The line containing "Detail view of" and every line after it, through the end of the material: copy these exactly and nothing else, leaving pictures out.

───── Dataset section ─────

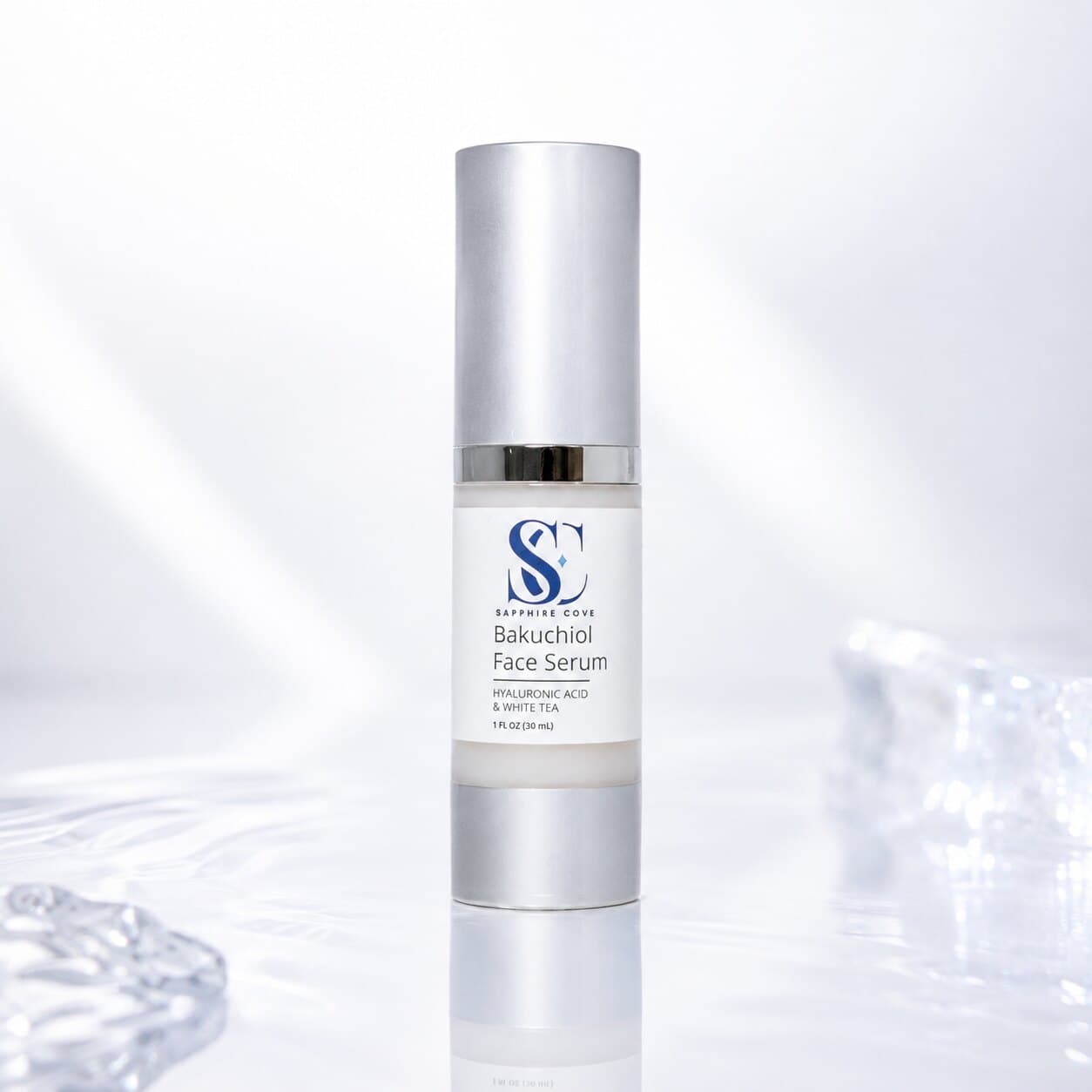 Sapphire Cove Bakuchiol Face Serum in a 1 oz frosted pump bottle, made with bakuchiol, hyaluronic acid, and white tea.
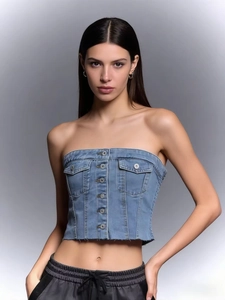Detail view of denim tube top showing metal buttons, small pockets and raw hem edges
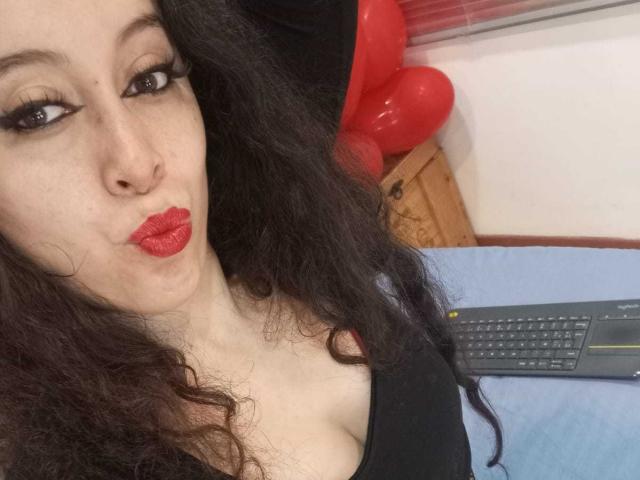 Close-up photo of KendraSimons with long black curly hair, pale skin, and red lipstick, pouting her lips. She has dark eye makeup and wears a black top. Red balloons in the background.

─────

• **Written solution**:
Detail view of denim tube top showing metal buttons, small pockets and raw hem edges
 Close-up photo of KendraSimons with long black curly hair, pale skin, and red lipstick, pouting her lips. She has dark eye makeup and wears a black top. Red balloons in the background.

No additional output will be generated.